*Exercise description:*
With pictures left out, output exactly the lines of the listing below from the line that has "Vang Vieng Laos" to the line that has "Matte Displayschutzfolie von", both lines kept.

*Exercise material:*
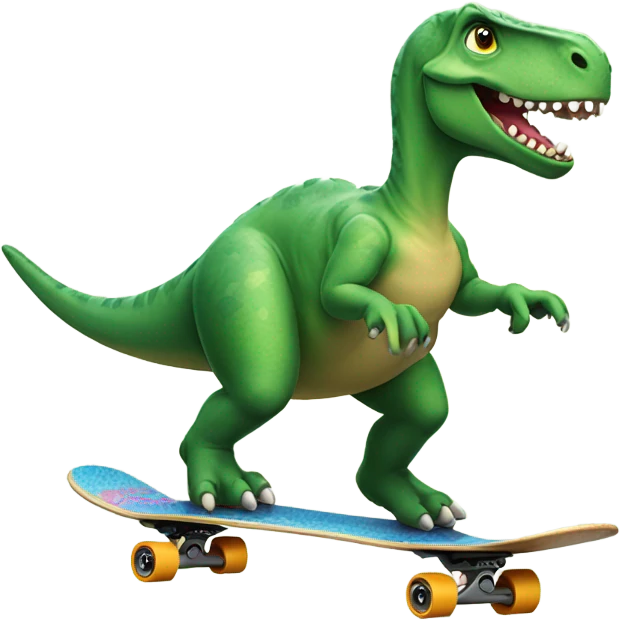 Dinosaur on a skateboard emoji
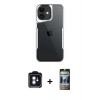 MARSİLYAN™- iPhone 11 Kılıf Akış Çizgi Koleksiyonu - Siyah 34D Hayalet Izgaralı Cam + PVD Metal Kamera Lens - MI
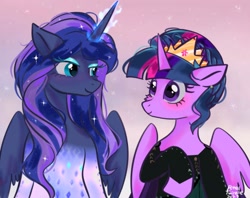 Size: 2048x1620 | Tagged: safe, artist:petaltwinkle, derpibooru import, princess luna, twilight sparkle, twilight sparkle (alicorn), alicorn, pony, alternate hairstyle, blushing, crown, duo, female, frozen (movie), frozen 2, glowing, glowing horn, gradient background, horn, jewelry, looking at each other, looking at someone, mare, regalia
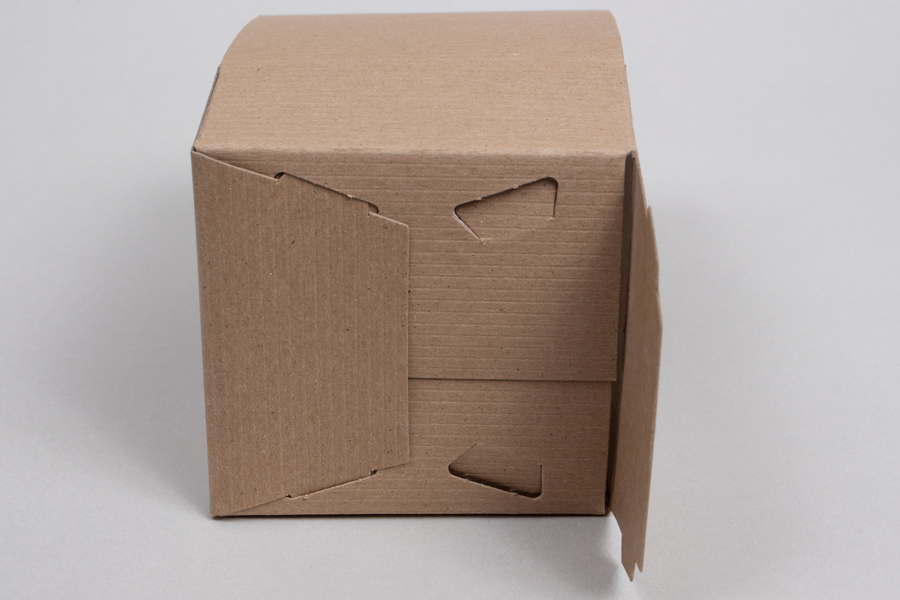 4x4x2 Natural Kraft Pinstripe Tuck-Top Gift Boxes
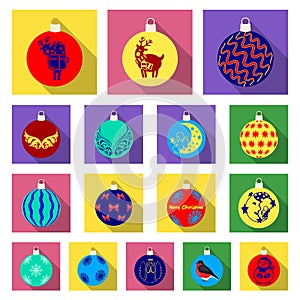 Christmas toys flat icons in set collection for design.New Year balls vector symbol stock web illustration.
--
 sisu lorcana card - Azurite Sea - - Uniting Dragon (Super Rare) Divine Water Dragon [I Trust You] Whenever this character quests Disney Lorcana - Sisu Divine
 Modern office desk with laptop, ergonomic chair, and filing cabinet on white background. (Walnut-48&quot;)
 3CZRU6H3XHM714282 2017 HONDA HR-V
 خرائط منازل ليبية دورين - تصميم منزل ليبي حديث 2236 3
...
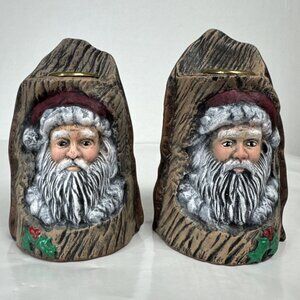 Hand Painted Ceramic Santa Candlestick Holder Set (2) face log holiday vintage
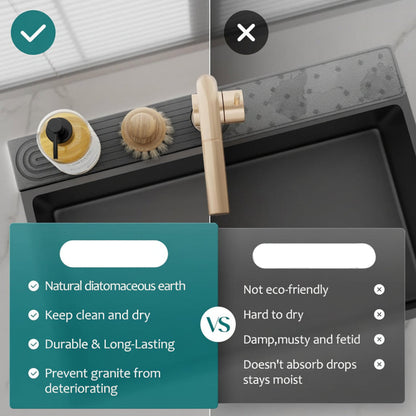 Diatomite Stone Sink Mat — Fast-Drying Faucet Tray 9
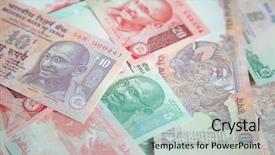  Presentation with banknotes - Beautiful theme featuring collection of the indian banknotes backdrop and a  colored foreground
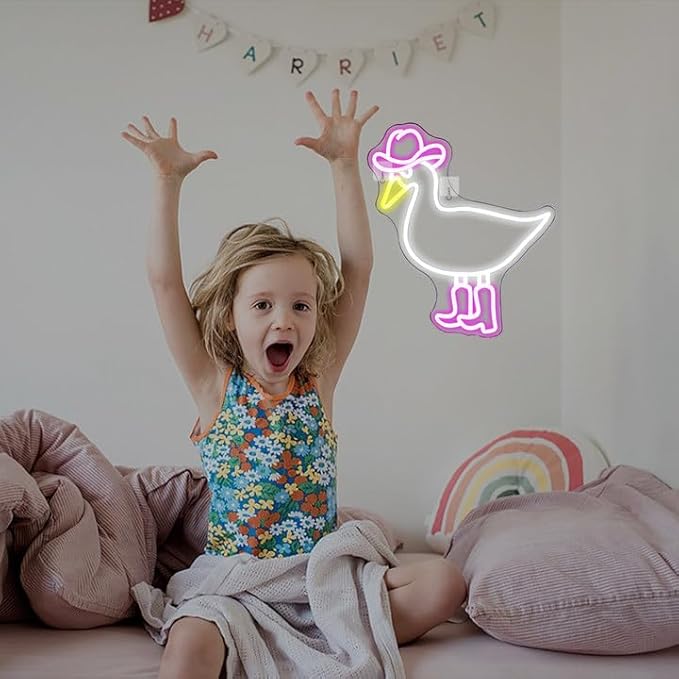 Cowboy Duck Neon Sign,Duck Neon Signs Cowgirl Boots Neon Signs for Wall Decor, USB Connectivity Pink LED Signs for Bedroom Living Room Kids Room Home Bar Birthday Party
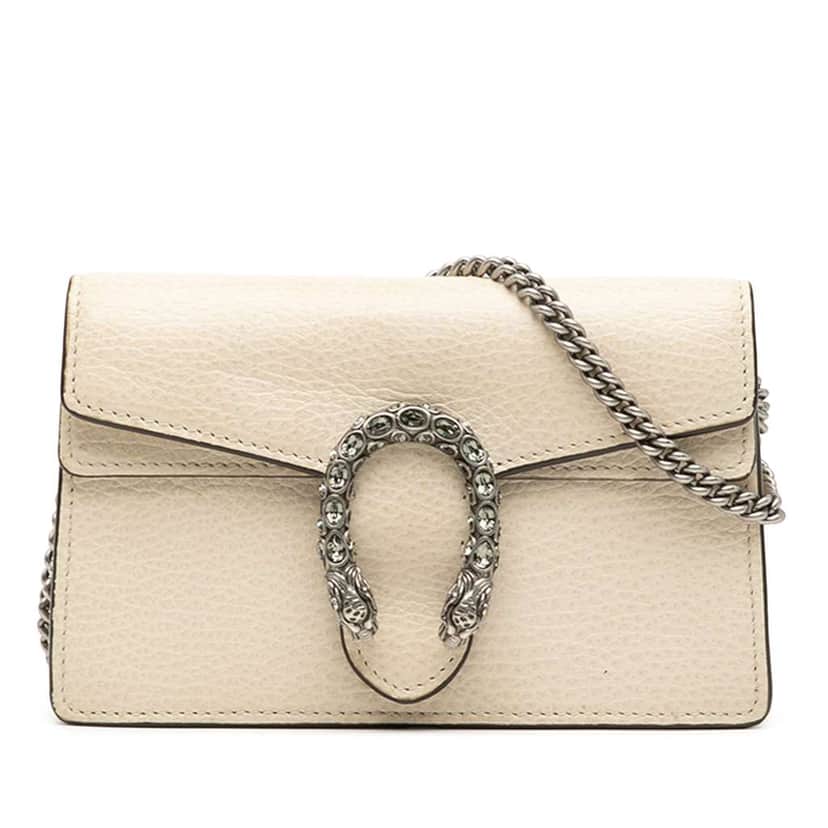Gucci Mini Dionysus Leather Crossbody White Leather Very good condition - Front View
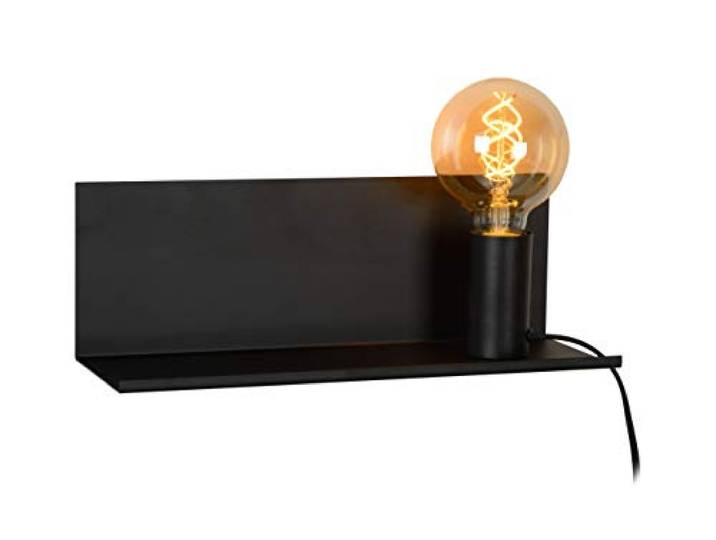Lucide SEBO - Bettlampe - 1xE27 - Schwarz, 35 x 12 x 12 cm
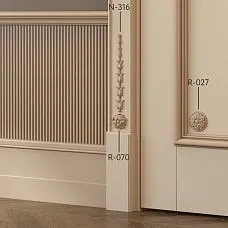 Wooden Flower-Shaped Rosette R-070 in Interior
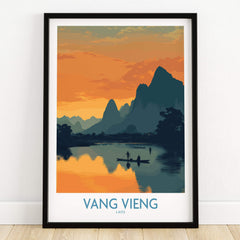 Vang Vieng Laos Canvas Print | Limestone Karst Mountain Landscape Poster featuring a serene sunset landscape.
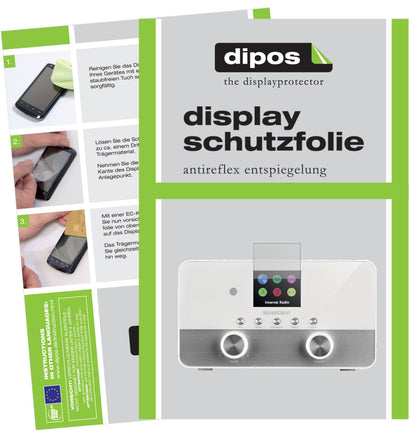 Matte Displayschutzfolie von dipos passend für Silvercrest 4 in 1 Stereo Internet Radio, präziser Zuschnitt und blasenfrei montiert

*Written reply:*
 Vang Vieng Laos Canvas Print | Limestone Karst Mountain Landscape Poster featuring a serene sunset landscape.
 Matte Displayschutzfolie von dipos passend für Silvercrest 4 in 1 Stereo Internet Radio, präziser Zuschnitt und blasenfrei montiert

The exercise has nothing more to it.